HOLOPIS.COM, JAKARTA – Wacana BPH Migas akan memperketat penggunaan Bahan Bakar Minyak (BBM) jenis Pertalite berhasil memicu reaksi beragam dari para pengguna mobil. Mobil-mobil yang dilarang yaitu mesin di atas 2.000 cc dan sepeda motor 250 cc. Artinya mobil mesin 2.000 cc ke bawah diperbolehkan menenggak BBM Pertalite termasuk mobil harga terjangkau dan ramah lingkungan (Low Cost Green Car/LCGC).

Kendati demikian untuk diingat LCGC bukan produk yang didesain untuk menggunakan BBM jenis Pertalite. Sejak awal diluncurkan, LCGC direkomendasikan memakai BBM minimal RON92 atau jenis Pertamax.
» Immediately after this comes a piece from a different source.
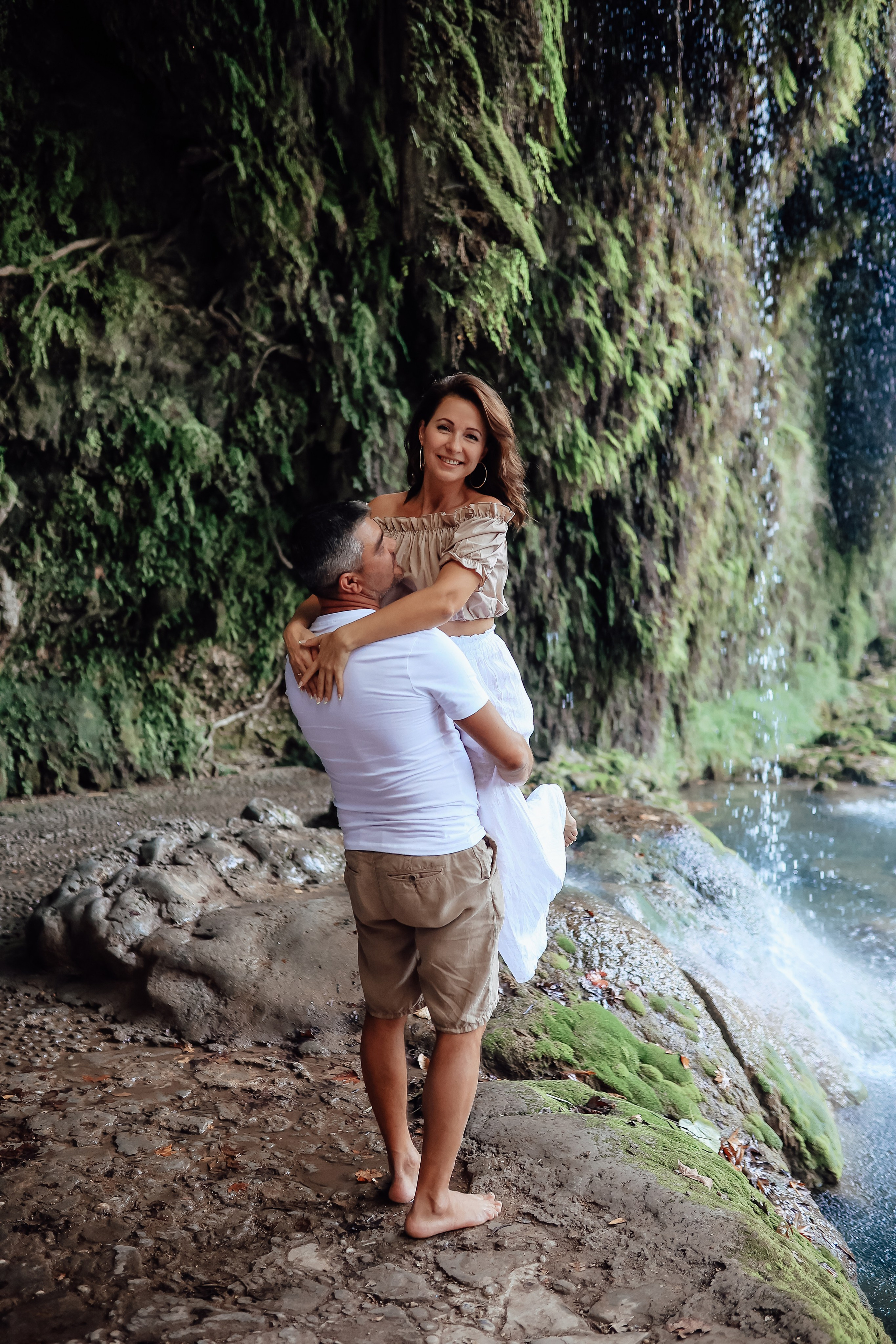Photoshooting at Kurshunlu waterfall. Photographer in Turkey, Antalya, Kemer, Belek, Side, Kas, Fethiye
Hal itu sudah tertuang dalam regulasi di antaranya adalah kapasitas mesin yang berkisar antara 980-1.200 cc untuk mengejar efisiensi 20 kilometer per liter.

Ketentuan itu tercantum dalam Peraturan Menteri Perindustrian No. 33/M-IND/PER/7/2013 tentang Pengembangan Produksi Kendaraan Bermotor Roda Empat yang Hemat Energi dan Harga Terjangkau (PPKB).
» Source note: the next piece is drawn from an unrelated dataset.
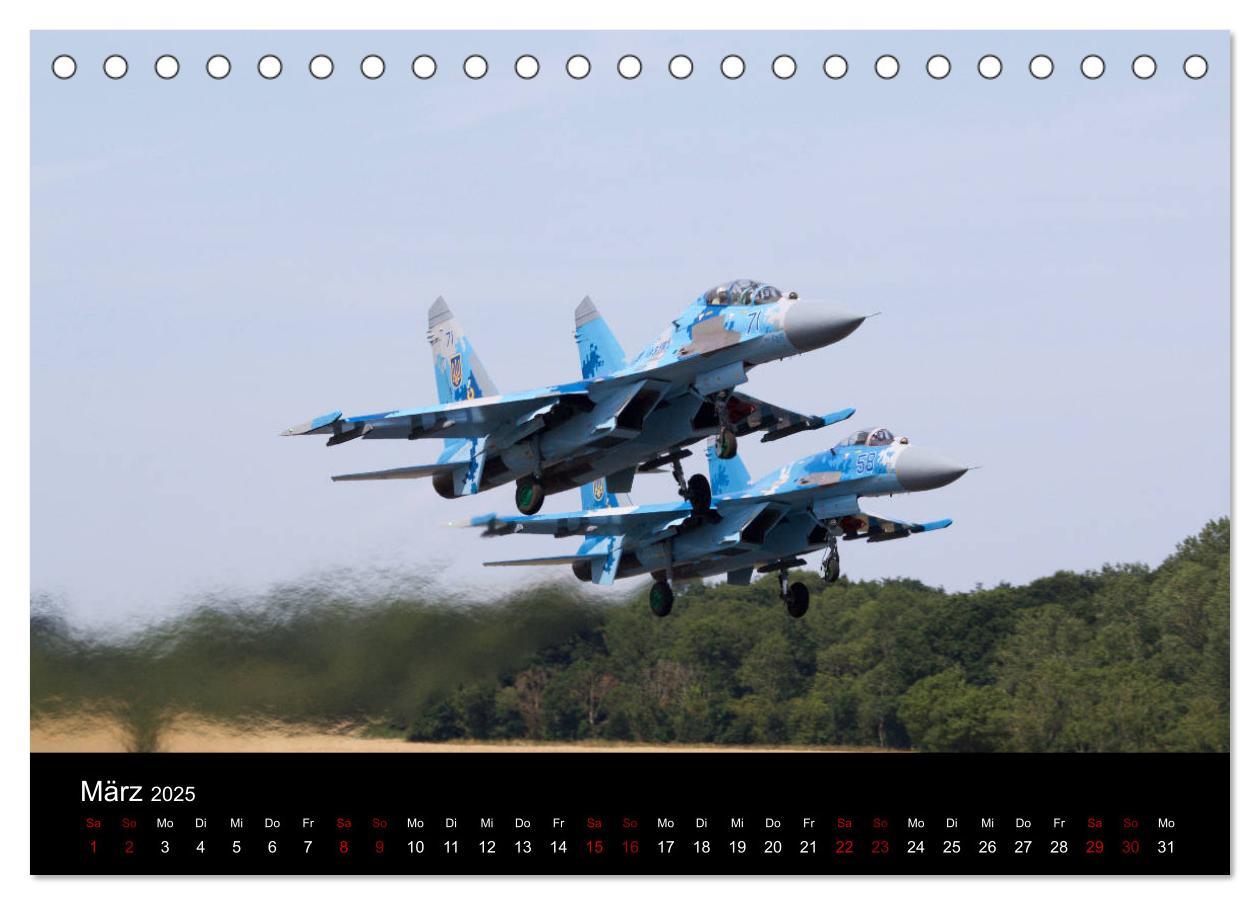 Bild: 9783435347568 | Militärjets (Tischkalender 2025 DIN A5 quer), CALVENDO Monatskalender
Aturan soal BBM minimal untuk LCGC bermesin bensin tertulis pada Pasal 2 ayat 2a.

Sedangkan aturan tentang penggunaan minimal bahan bakar minyak RON 92 juga tertulis dalam Peraturan Direktur Jendral Industri Unggulan Berbasis Teknologi Tinggi No. 25/IUBTT/PER/7/2013 tentang Petunjuk Teknis PPKB. Ini wajib dipenuhi produsen LCGC agar mendapat fasilitas keringanan Pajak Penjualan atas Barang Mewah (PPnBM) dari pemerintah.
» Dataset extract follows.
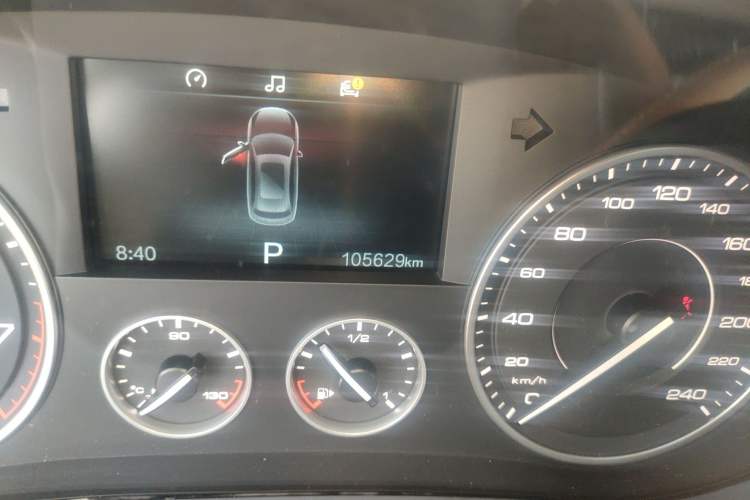 Used BORGWARD BX7 2018 28T 2WD Comfort Version 5 Seats China V Emission Standard Odometer Close Up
Di satu sisi penggunaan BBM jenis Pertamax untuk produk LCGC disebut ada keuntungannya. LCGC sejenis Agya, Ayla, Brio Satra, Suzuki Karimun Wagon R misalnya.

Contoh pabrikan otomotif Jepang, Toyota. Pabrikan mengklaim Agya telah mengantongi rasio kompresi di atas 10;1, dan membutuhkan bensin dengan RON 92.

Pemanfaatan BBM sesuai rekomendasi pabrikan bertujuan untuk kesempurnaan proses pembakaran di dalam ruang bakar mesin. Seperti diketahui, mesin mobil zaman now memiliki rasio kompresi yang tinggi.

Sedangkan BBM dengan nilai oktan yang lebih rendah memiliki sifat mudah terbakar, sehingga jika dipakai pada mesin modern Toyota malah akan terbakar sendiri sebelum busi memercikkan api sesuai siklus kerja mesin alias knocking. Efeknya beragam mulai dari penggunaan BBM yang tak efisien, mobil kehilangan performa sampai pada gangguan mesin seperti knocking.

Dan bila dibiarkan menggunakan BBM yang tak sesuai rekomendasi, dalam jangka panjang mesin lebih cepat kelelahan, sehingga mempercepat proses kerusakan komponen dalam mesin.